- [Prompt]:
Print, with no pictures, the exact lines that run from the one containing "The 3-year-old already" through the last line of the material below, both ends included.

- [Recorded data]:

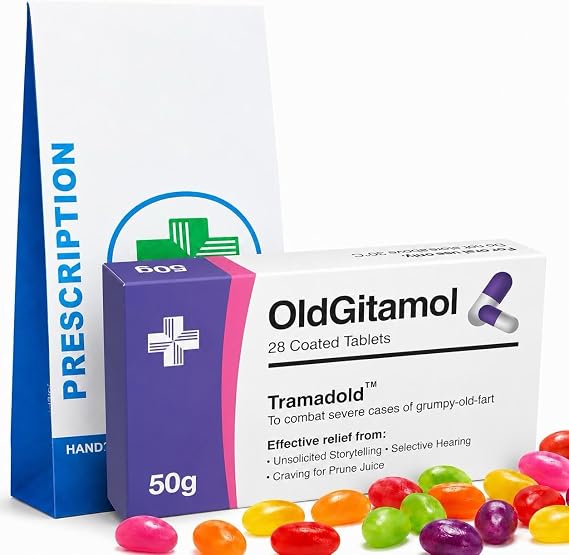 Joke Pill Box With Sweets - Funny Retirement Gifts for Men, 30th 40th 50th 60th 70th Birthday Gifts for Him - Secret Santa for Seniors, Dad, Father, Man, Christmas Xmas Stocking Filler for Boyfriend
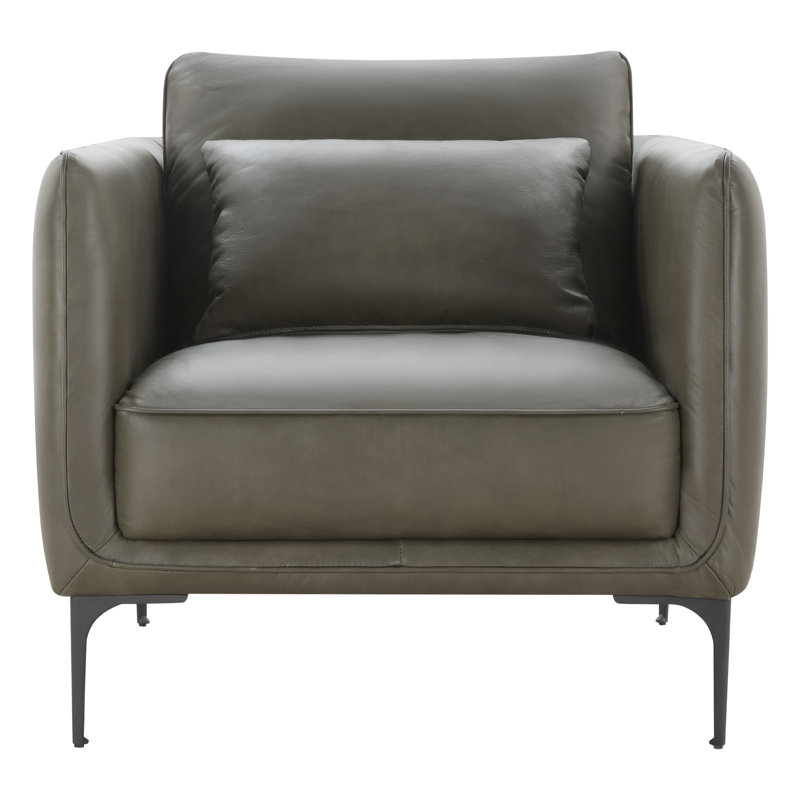 Rae Genuine Leather Upholstered Armchair, Green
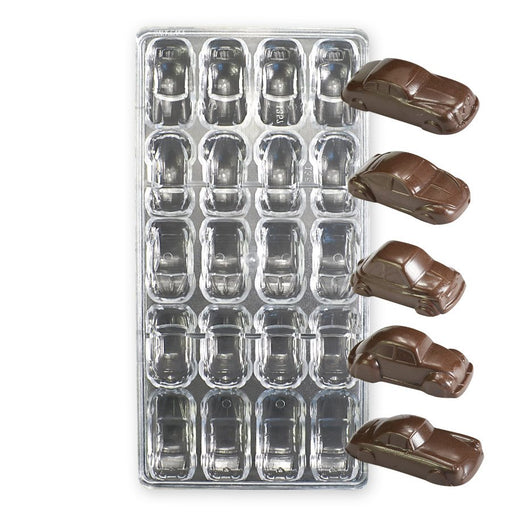 Polycarbonate chocolate mold with 20 car-shaped cavities for molded chocolates, candy making, racing party favors, and themed dessert decorations.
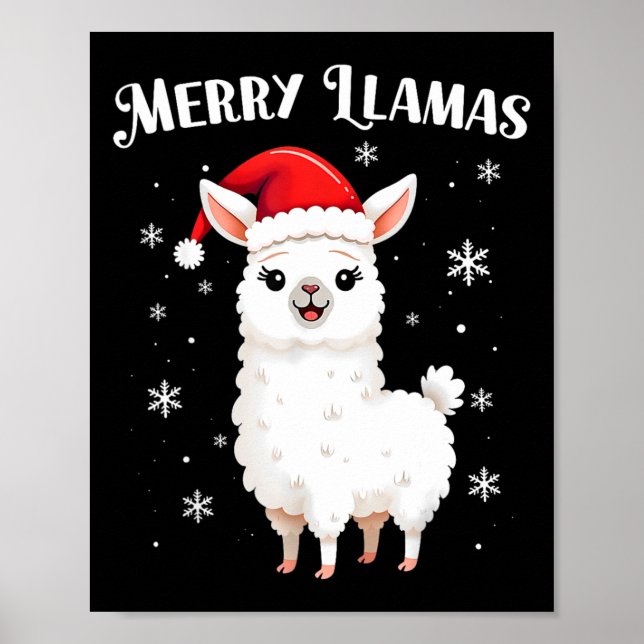 Merry Llamas Funny Christmas Llama Animal Holiday Poster (Vorne)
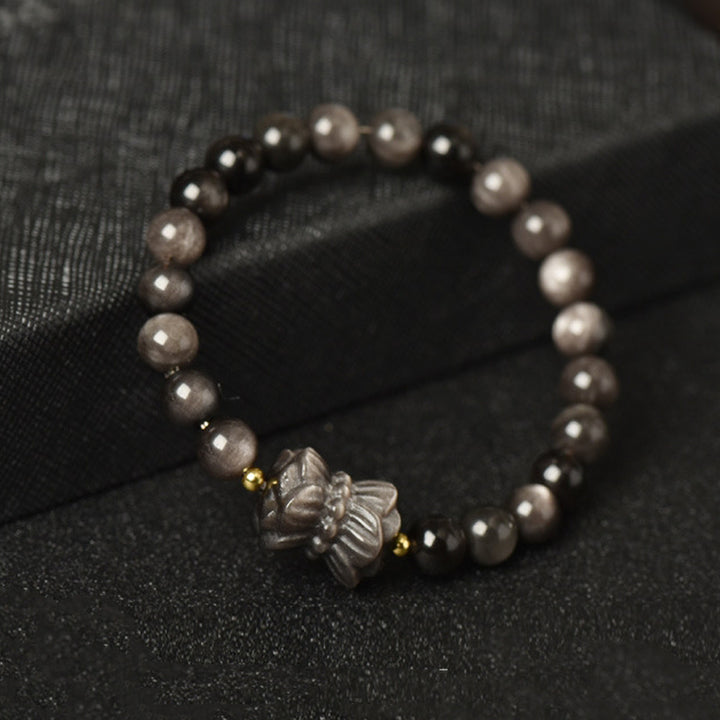 Buddha Stones Silver Sheen Obsidian Lotus Flower Nine Tailed Fox Laughing Buddha Protection Bracelet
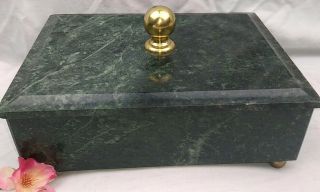 Green Marble Box W/ Lid Brass Knob Feet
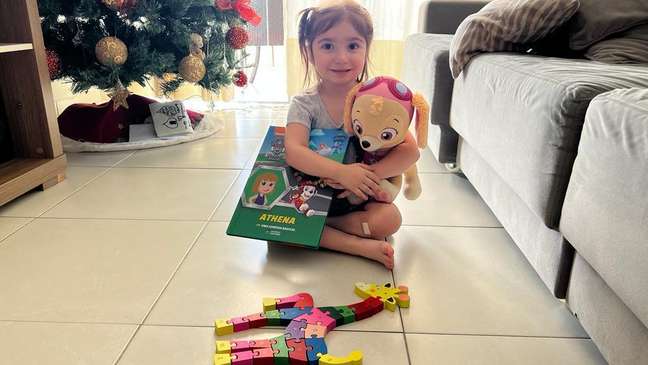 The 3-year-old already writes her own name and had fun on her own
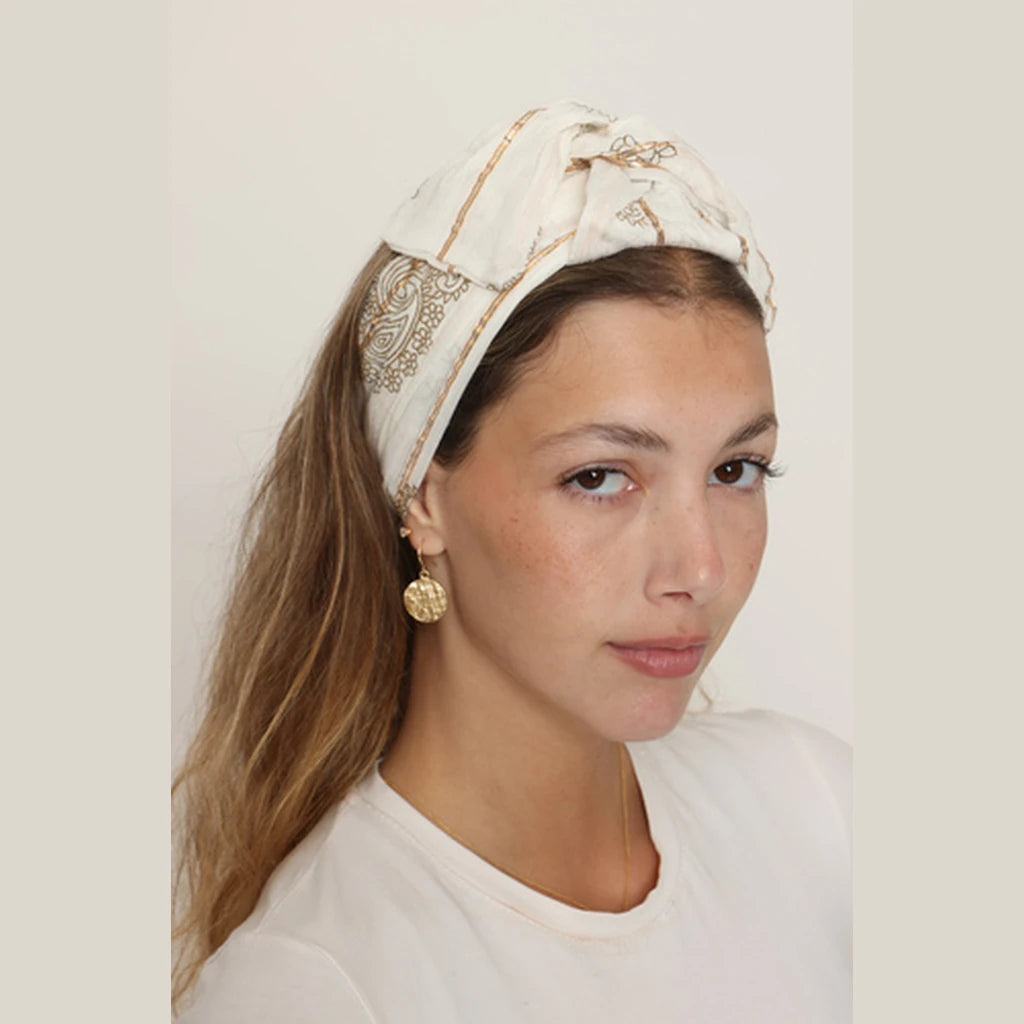 White & Gold Paisley Headwrap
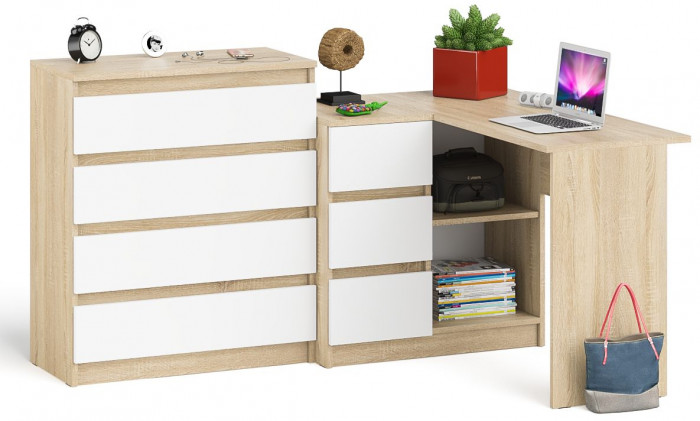 Мори Стол компьютерный МС-16 левый + Комод МК800.4, цвет дуб сонома/белый, ШхГхВ 204,8х84,9х94 см., выдвижные ящики слев, НЕ универсальная сборкаа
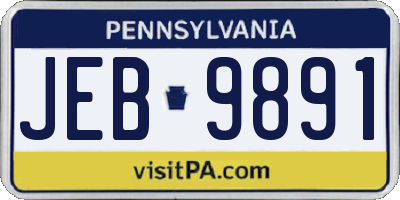 PA license plate JEB9891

- [Result below]:
 The 3-year-old already writes her own name and had fun on her own
 White & Gold Paisley Headwrap
 Мори Стол компьютерный МС-16 левый + Комод МК800.4, цвет дуб сонома/белый, ШхГхВ 204,8х84,9х94 см., выдвижные ящики слев, НЕ универсальная сборкаа
 PA license plate JEB9891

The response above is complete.